The must-read stories and debate in health policy and leadership.

New kind of leadership

It is six weeks since NHS England and the British Medical Association announced the new five-year GP contract deal.

Described as the biggest shake-up to general practice for 15 years, the agreement proposed a rapid national spread of primary care networks: organising primary care clinicians into multidisciplinary teams, working across a group of practices that cover 30-50,000 people.

Right now, GPs are supposed to be talking among themselves to decide who is going to be in what network.
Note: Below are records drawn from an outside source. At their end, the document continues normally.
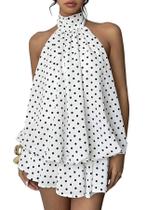 Vestido de verão Geulis 2026 feminino sem mangas e sem encosto Vestido de verão Geulis 2026 feminino sem mangas e sem encosto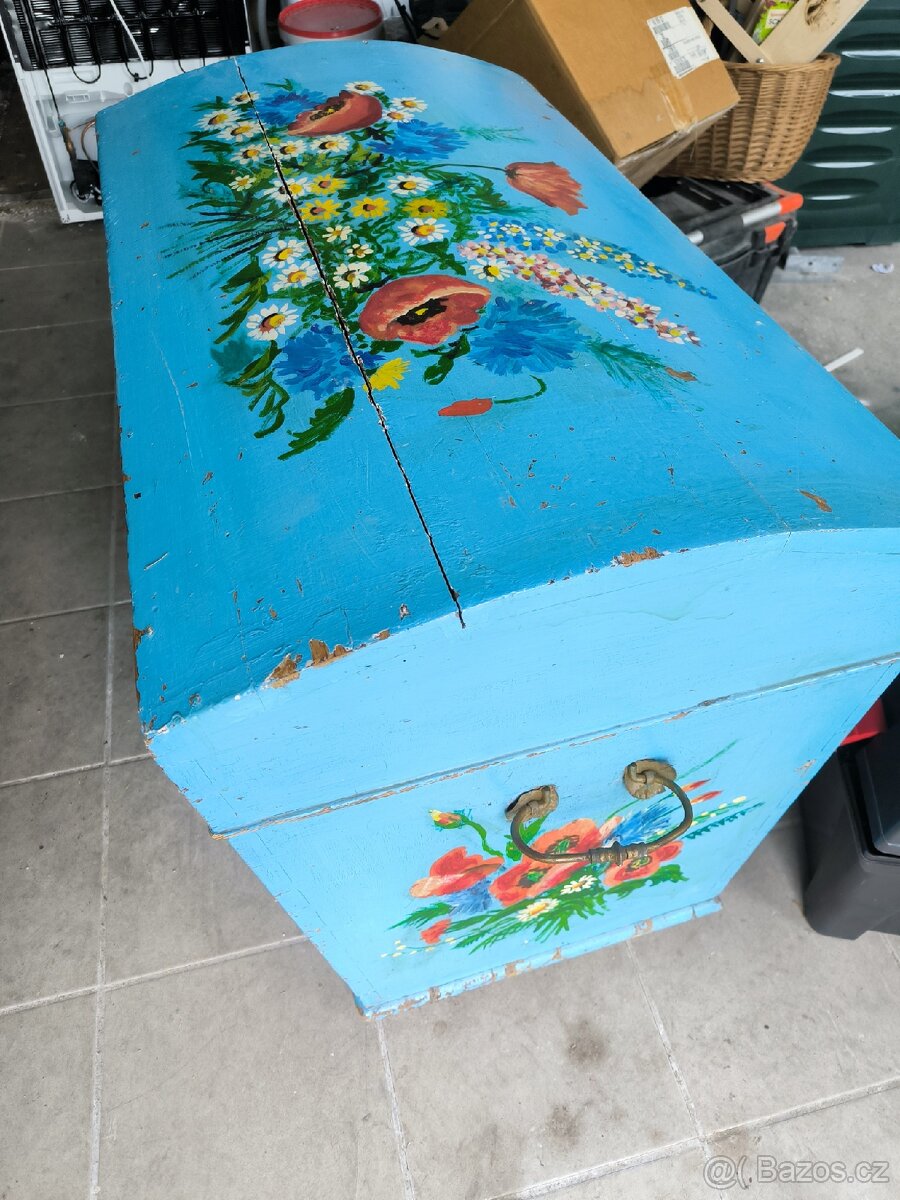 Starožitná truhla - 4
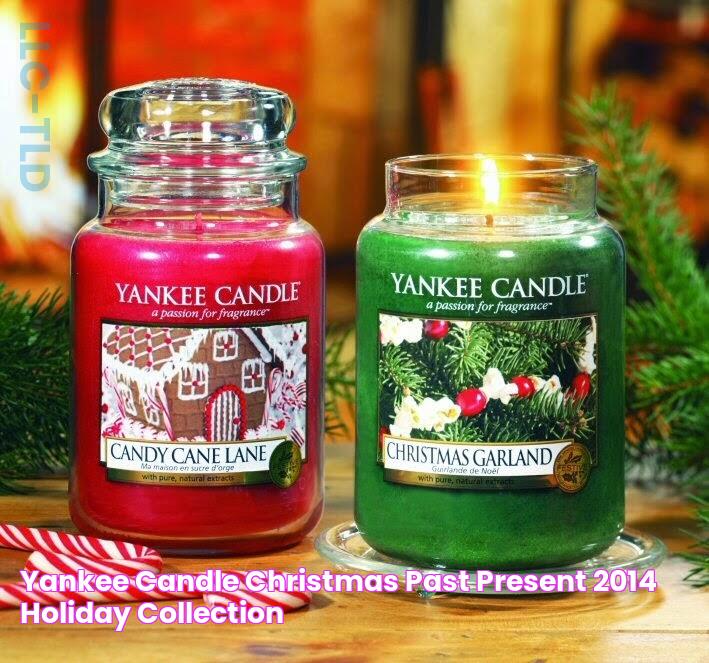 Yankee Candle // Christmas Past & Present 2014 Holiday Collection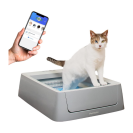 PetSafe ScoopFree Crystal Smart Self-Cleaning Litter Box on white background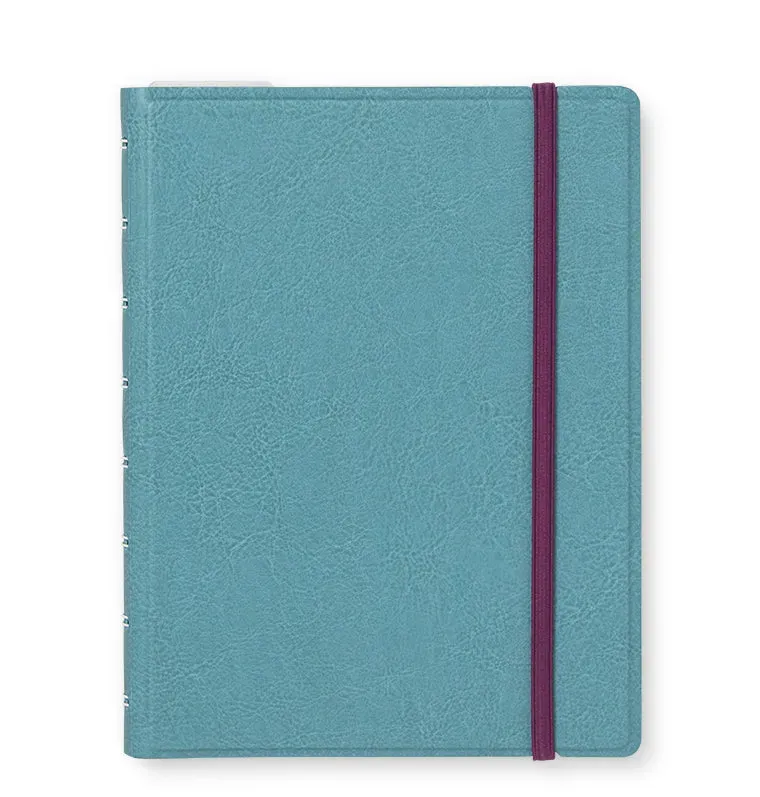 Filofax Contemporary carnet rechargeable A5 bordeaux ligné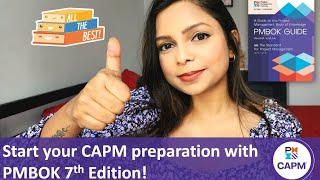 Capmpmp 2023 - Start Your Preparation With Pmbok 7Th Edition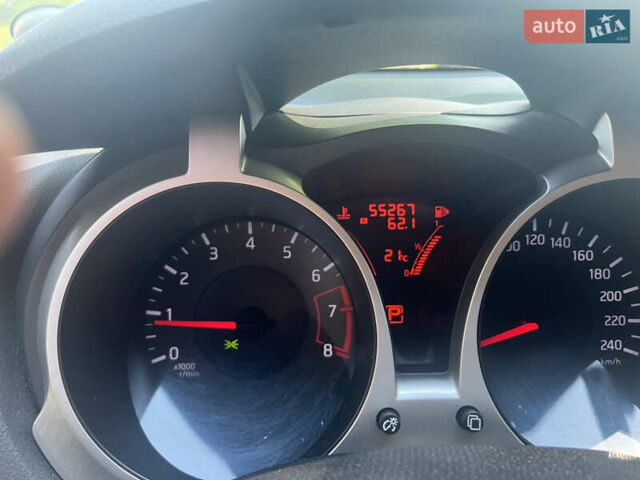 Білий Ніссан Жук, об'ємом двигуна 1.6 л та пробігом 55 тис. км за 10700 $, фото 9 на Automoto.ua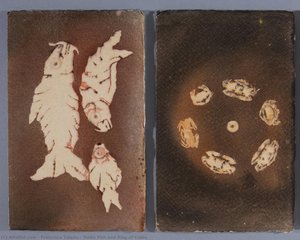 Three Fish And Ring Of Crabs — Франсиско Толедо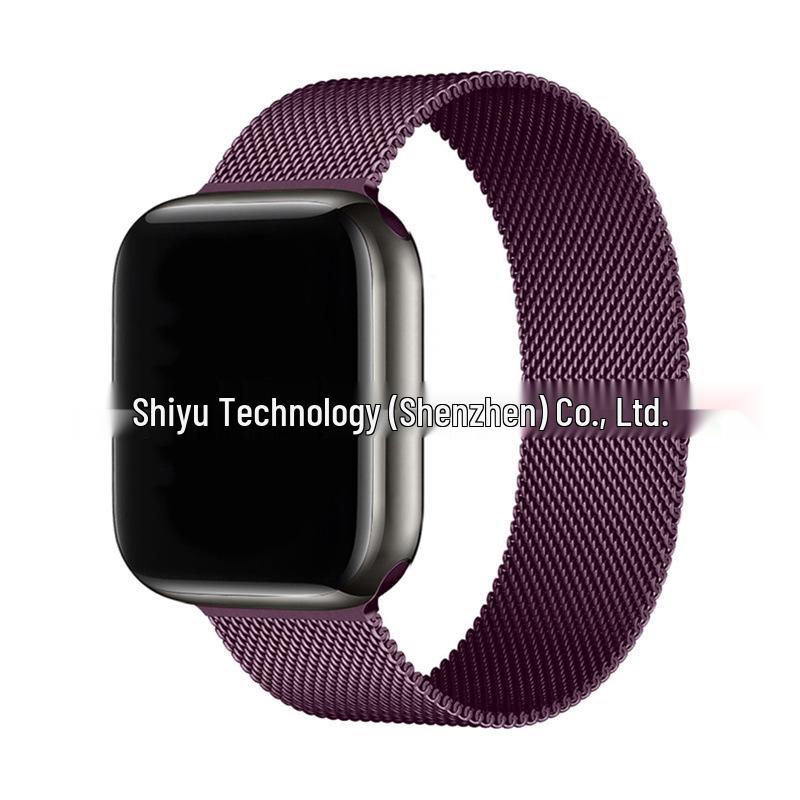 Совместимый металлический ремешок-петля для Apple Watch Series 5-9, SE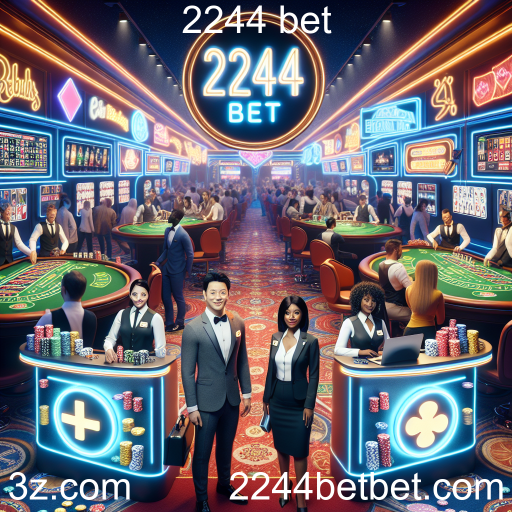 Explorando o Suporte em Jogos na 2244 Bet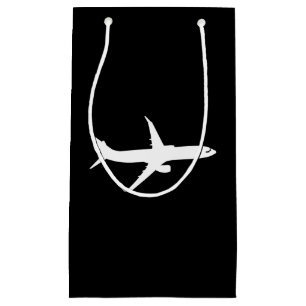Flygplan Jet Liner White Silhouette-flygande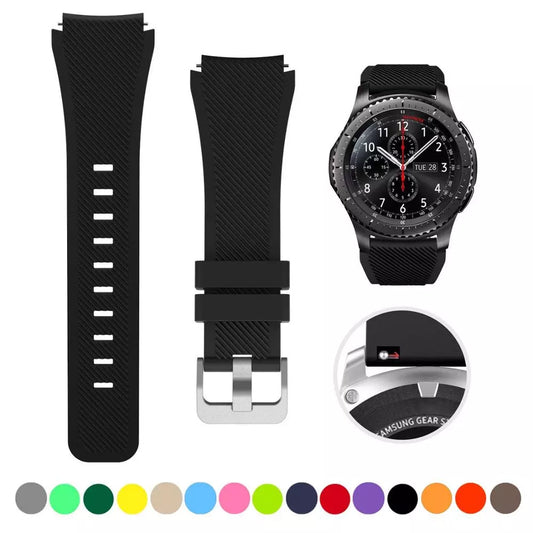 20mm 22mm Band for Samsung Galaxy Watches/Smart Watches
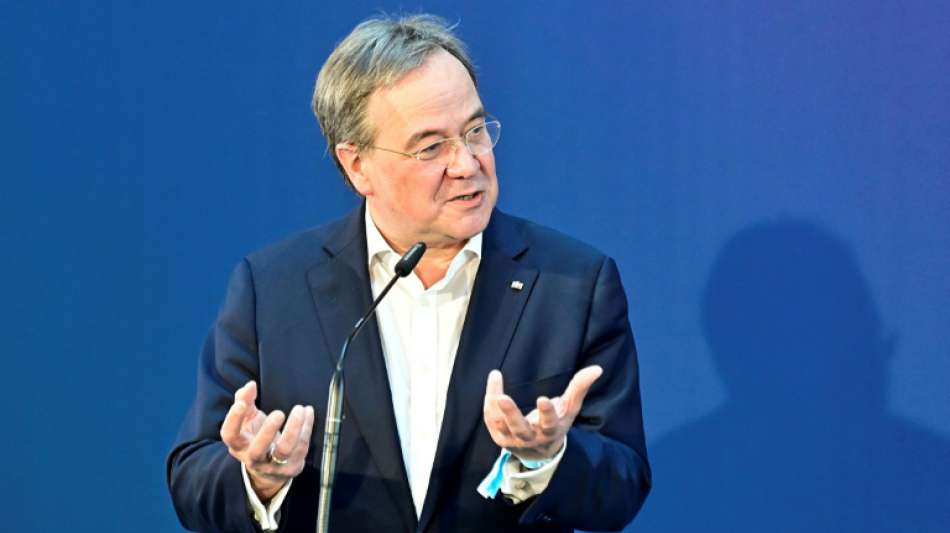 CDU-Pr&auml;sidium: Armin Laschet glaubt an klare Mehrheit f&uuml;r sich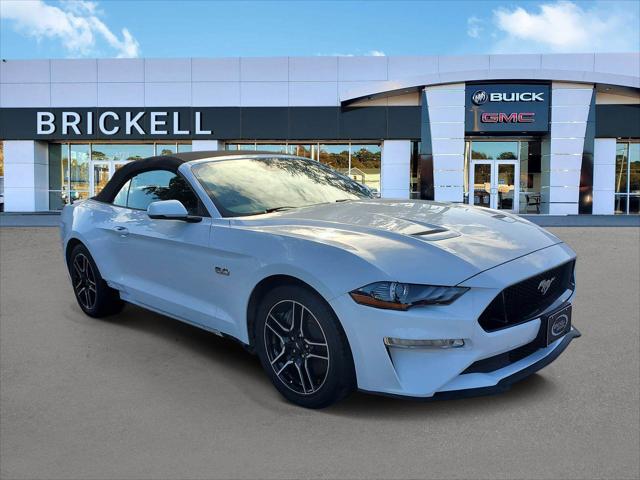 2022 Ford Mustang GT Premium Convertible
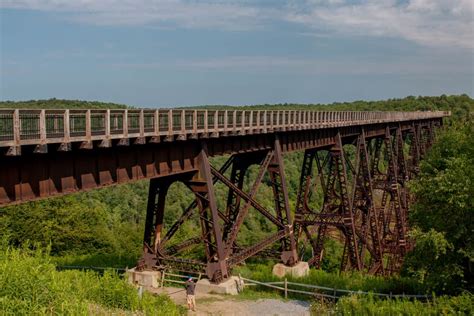 What to See and Do at Kinzua Bridge State Park - UncoveringPA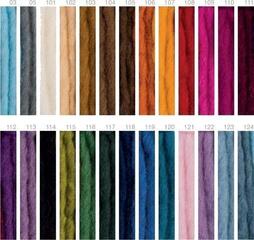 Knitting Yarn Rosários 4 Bulky Light 105 Dark Brown Knitting Yarn - 1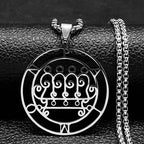 Sigil de Lucifer Baphomet Necklace — SS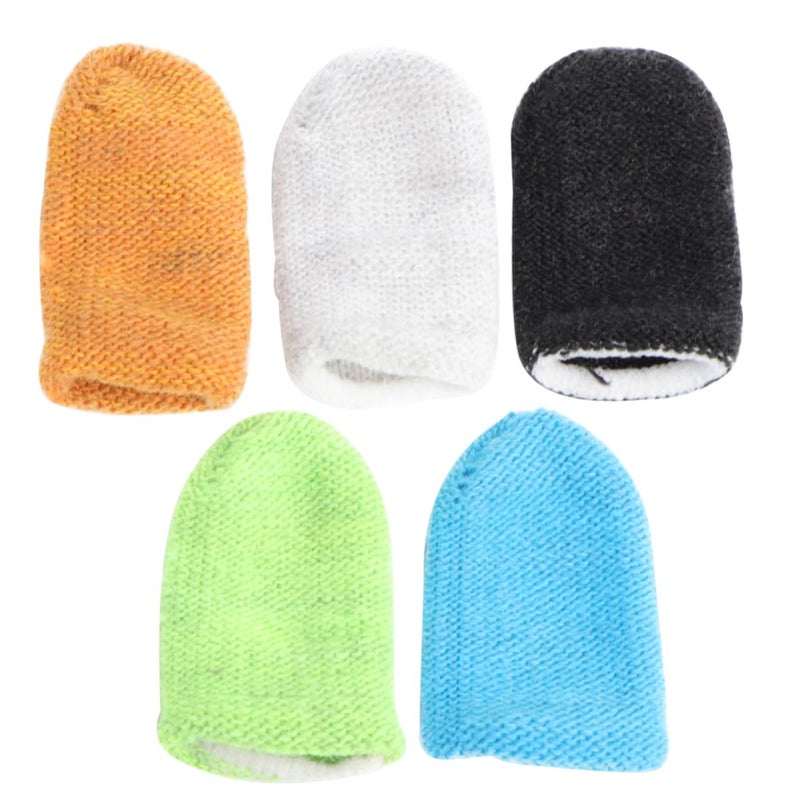 Anti Static Neoprene Gaming Sleeves Sweatproof Set of 5 Random Color for Men Women - Image 2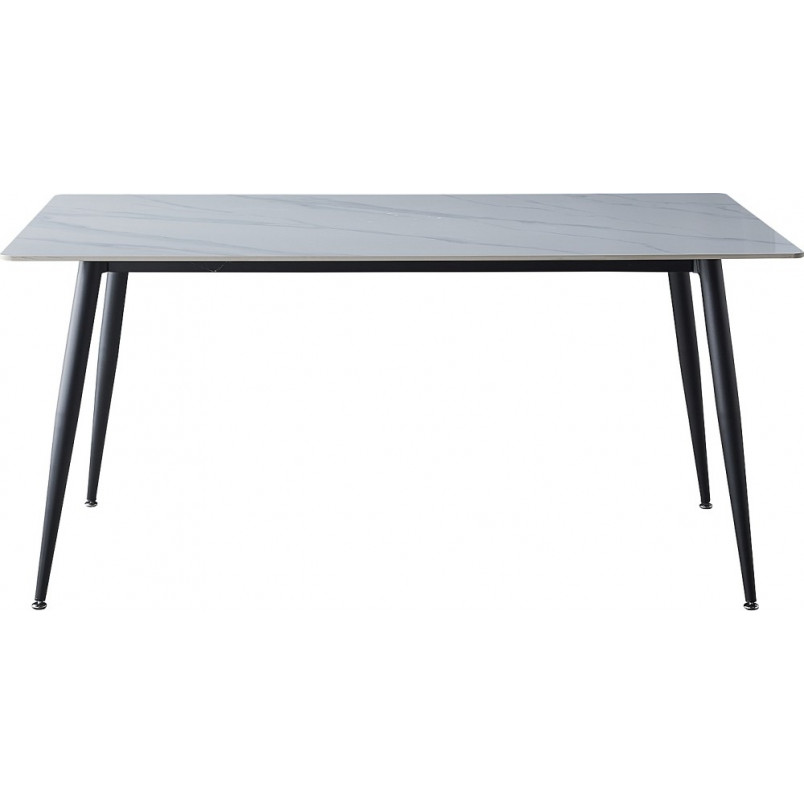 Stół nowoczesny Signal Rion 160x90 biały/czarny - Elegancki design!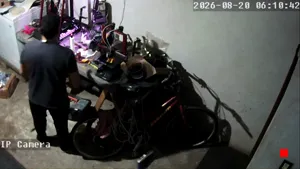 Caméra IP - IR
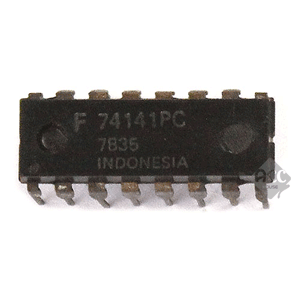 R12070-409 IC F74141PC DIP-16 단자 제작 커넥터 핀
By 15 May, they will need to have that figured out and also have picked a clinical director, their “named, accountable leader”.

Nikki Kanani, NHSE’s primary care lead, told HSJ that, in some areas, this new job is attracting GPs who have not engaged with the system before. “[They] have started to get more interested in what’s going on around them” and “a different style of working” that PCNs represent, she said.

By 1 July, NHSE and the BMA hope all English patients will be living in networks.

And that is when the story will really start.

The new clinical directors will hold a fair chunk of responsibility, as PCNs will sink or swim on the working relationships that develop between the clinicians involved.

The director will need to keep the constituent parts of their PCN happy and together, while representing them at clinical commissioning group, integrated care system and sustainability and transformation partnership level.

It will be interesting to see, come the summer, who has decided to take on the challenge. 

Feeding off scraps

Of all the frustrations felt by local leaders, the NHS capital funding regime features very close to the top of the list.

The “capital departmental expenditure limit” has been severely constrained over the last decade, while established “off-balance sheet” financing models traditionally used to get around the CDEL have now been banned by the Treasury.

The death of Private Finance Initiative (and its short-lived successor PF2) was confirmed by the chancellor in his spring statement, while a consultation document from the Treasury appears to also rule out any off-balance sheet models with PFI/PF2-like characteristics (though stopped short of banning off-balance sheet models altogether).

It added: “The government recognises the lessons learned from the experience of PFI and PF2 including the need for greater transparency: new ideas must be able to demonstrate that the benefits brought by private capital outweigh the additional cost to the taxpayer of using it.”

The sudden desire for transparency and signal towards on-balance sheet funding models should be firmly welcomed by fans of probity in public finance.

But this may well leave the NHS feeding off scraps for the foreseeable future.

Given the relatively generous revenue settlement already confirmed, health is going to be towards the back of the queue when it comes to the scheduled spending review later this year. This is bad news for all those budgets which haven’t yet been settled, including capital.

With no obvious private finance alternatives now available, there is a serious risk that many of the transformation plans being hatched by STPs to make their services more sustainable will never get investment and never be implemented.